Он сказал мне тогда, между прочим:
– Нет, конечно, ни одной заповеди, справедливость которой можно было бы доказать неопровержимым образом, как нет ни одного нравственного закона, который был бы непогрешимо обязателен. И этика вообще существует лишь постольку, поскольку мы согласны ее принять. Вы спрашиваете меня о смерти. Я бы сказал – о смерти и всех ее бесчисленных проявлениях. Я беру смерть и жизнь условно, как два противоположных начала, охватывающих, в сущности, почти все, что мы видим, чувствуем и постигаем. Вы знаете, что закон такого противопоставления есть нечто вроде категорического императива: вне обобщения и противопоставления мы почти не умеем мыслить.
Это было не похоже на то, что он говорил нам в классе. Я слушал его, не пропуская ни одного слова.
– Я устал сегодня, – сказал он, – надо идти спать. А вы занимались, готовились к экзамену? Я бы хотел быть на вашем месте.
Он поднялся со скамейки; я встал тоже. Листья были неподвижны, в саду стояла тишина.
– У Диккенса где-то есть одна замечательная фраза, – сказал он. – Запомните ее, она стоит этого.

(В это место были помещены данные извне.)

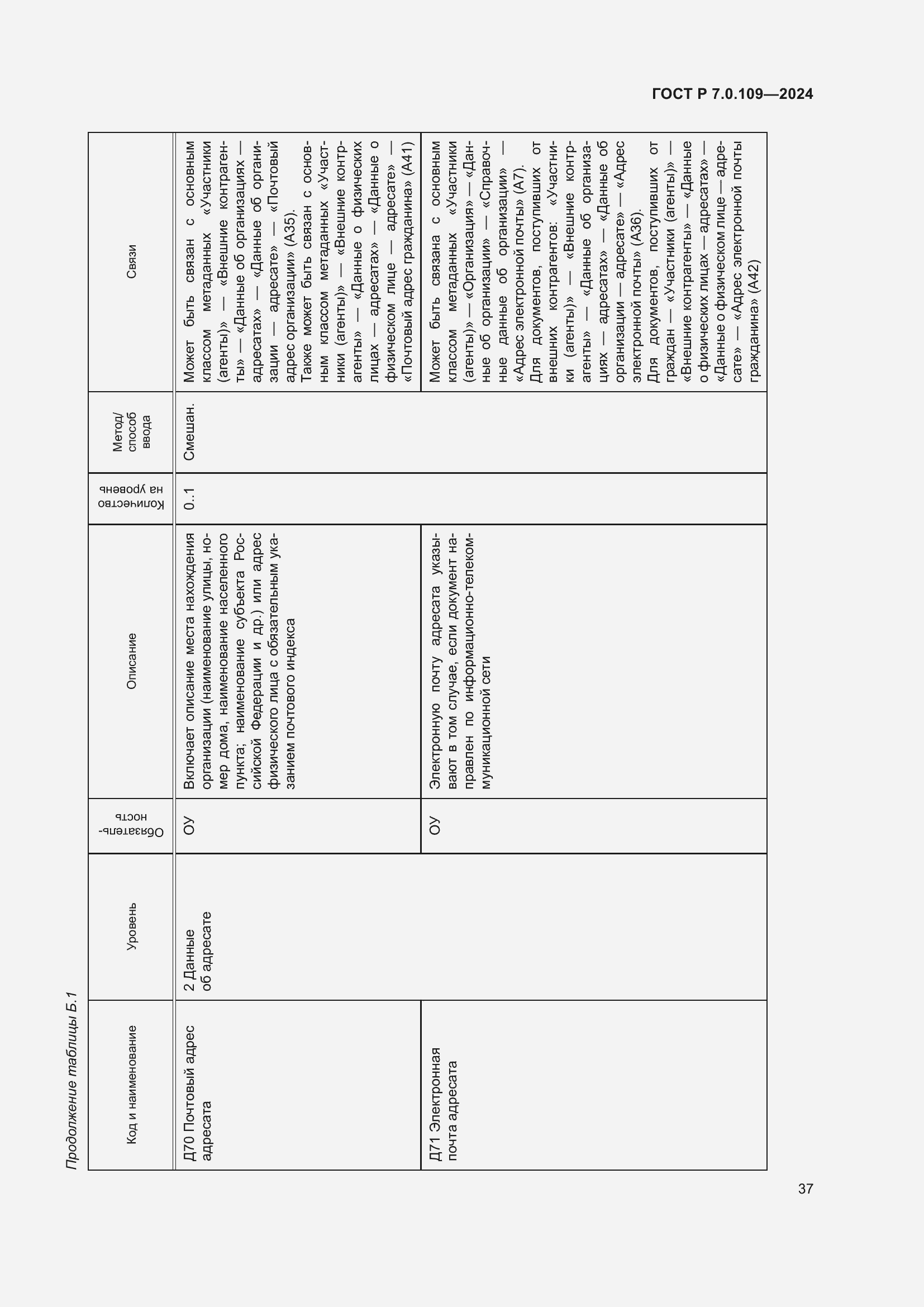 Страница 41 ГОСТ Р 7.0.109-2024
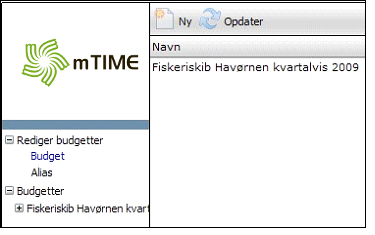 Oprettelse Af Et Budget Definition Bemaerk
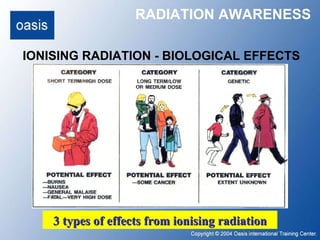 NGI-Radiation Awareness | PPT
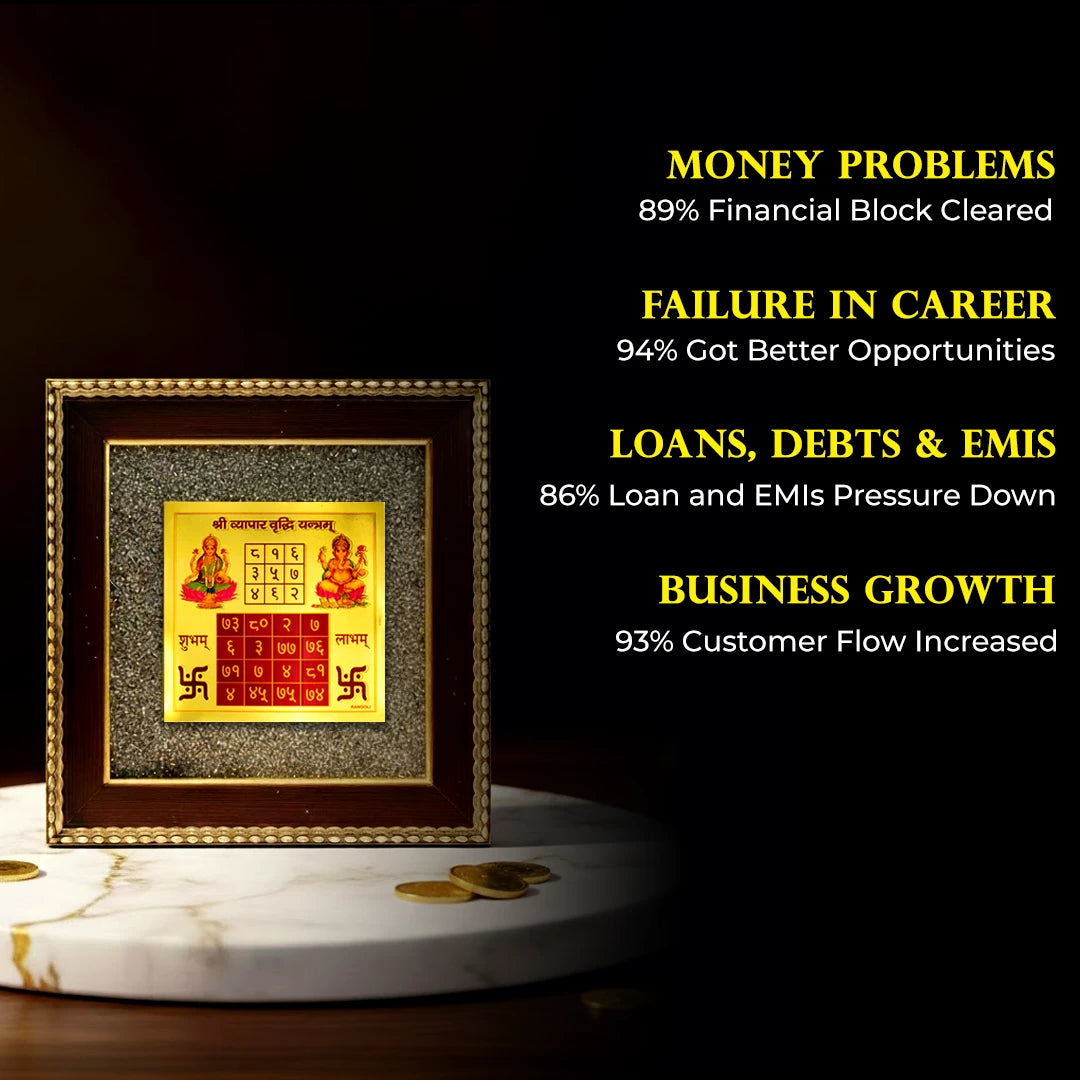 Shree Vyapar Vriddhi Yantra with Raw Pyrite Frame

Я не помню, как это сказано буквально, но смысл ее такой: нам дана жизнь с непременным условием храбро защищать ее до последнего дыхания. Спокойной ночи.
И вот теперь я так же встал с кресла, как тогда со скамьи, на которой сидел рядом с ним, и повторял эти слова, которые как-то особенно значительно звучали сейчас:
– Нам дана жизнь с непременным условием храбро защищать ее до последнего дыхания.
И в эту минуту затрещал телефон. Я снял трубку. Голос Елены Николаевны спросил:
– Куда ты пропал? Я по тебе соскучилась. Что ты сейчас делаешь?
И после того, как я услышал первый звук этого голоса, привычно измененный телефоном, я сразу забыл все, о чем только что думал, – так мгновенно и глубоко, точно этого никогда не существовало.
– Я встаю с кресла, – сказал я. – В левой руке я держу телефонную трубку. Правой рукой я кладу в карман пиджака папиросы и спички. Затем я смотрю на часы: теперь без пяти шесть. В четверть седьмого я буду у тебя.
Мы пообедали рано, часов в семь. Она была в легком летнем платье, мы сидели в ее комнате и пили чай с необыкновенно вкусным шоколадным тортом, который приготовила Анни; он трещал и таял во рту, и в нем был очень приятный оттенок какой-то неуловимой пряности.
– Как ты находишь торт?
– Замечательный, – сказал я. – В нем, однако, есть что-то негритянское, но, так сказать, приятно негритянское, вроде каких-то отдаленных отзвуков их пения.
– Ты впадаешь в лиризм только при очень определенных обстоятельствах.
– Можно узнать, какие это обстоятельства?
– О, это очень несложно. Есть две вещи, к которым ты всегда неравнодушен: это, во-первых, еда, во-вторых, женщины.
– Спасибо за лестное мнение. Можно тебе выразить в таком случае сочувствие по поводу твоего выбора?
– Я тебе не сказала, что нахожу эти черты отрицательными.
Я был пьян от ее присутствия, и это, наверное, было в моих глазах, потому что она заметила мне:
– Какой ты нетерпеливый, какой ты жадный! Тебе необходимо держать меня именно так, обхватив рукой мое тело и сжимая мне ребра?
– Когда мне будет шестьдесят лет, Леночка, я буду думать о тщете всего земного и о неверности чувств. Я думаю об этом иногда даже теперь.
– Наверное, тогда, когда отсутствуют именно те обстоятельства, при которых проявляется твоя склонность к лирике.